WHAT IS NEEDED -> Exact transcription of the data below is required, without the images.
** Opening DATA SEGMENT block **
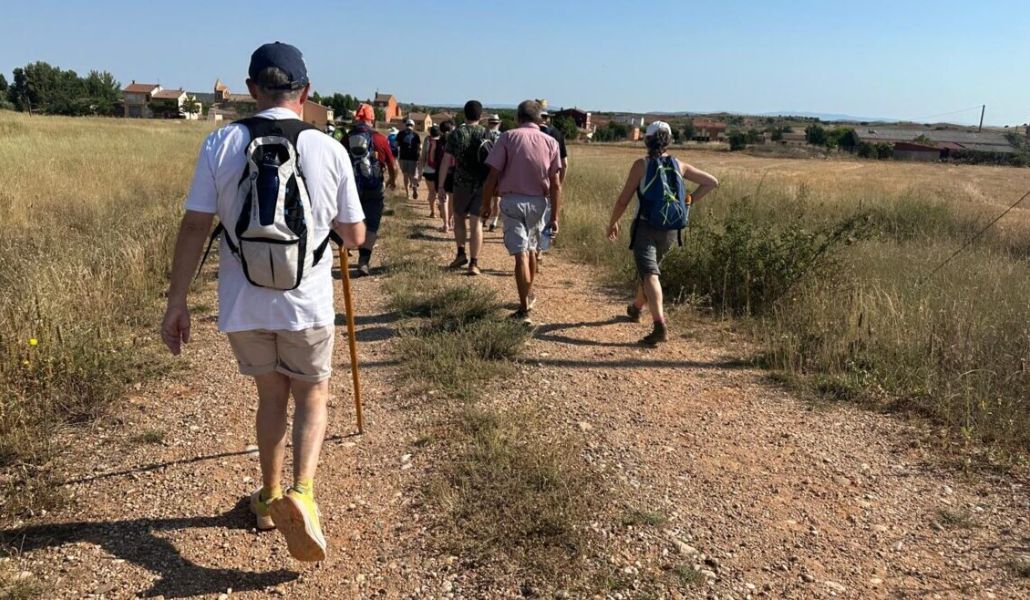 Peregrinos realizan el Camino de Santiago Castellano-Aragonés a través de la provincia de Soria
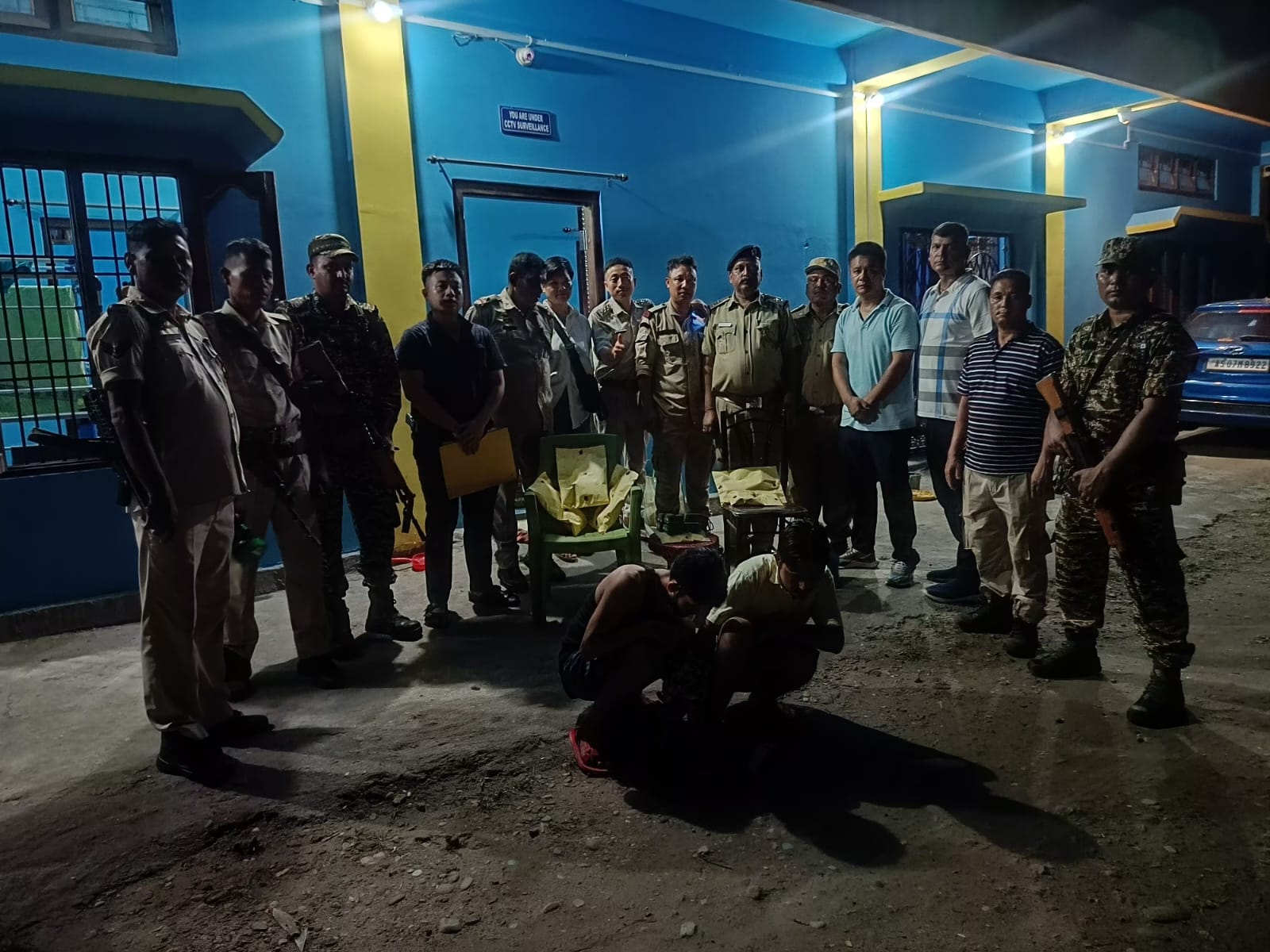 20 लाख मूल्य की 496 से अधिक ग्राम संदिग्ध हेरोइन जब्त की और तीन लोगों को 20 लाख मूल्य की 496 से अधिक ग्राम संदिग्ध हेरोइन जब्त की और तीन लोगों को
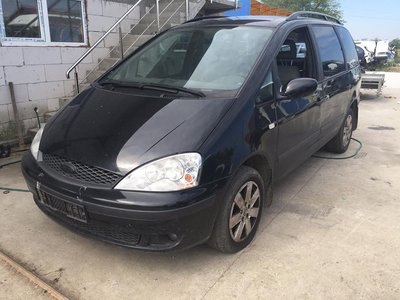 Dezmembrari Ford Galaxy 2.0 benzina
** Closing DATA SEGMENT block **
ANSWER TO THIS PROBLEM ->
 Peregrinos realizan el Camino de Santiago Castellano-Aragonés a través de la provincia de Soria
 20 लाख मूल्य की 496 से अधिक ग्राम संदिग्ध हेरोइन जब्त की और तीन लोगों को 20 लाख मूल्य की 496 से अधिक ग्राम संदिग्ध हेरोइन जब्त की और तीन लोगों को
 Dezmembrari Ford Galaxy 2.0 benzina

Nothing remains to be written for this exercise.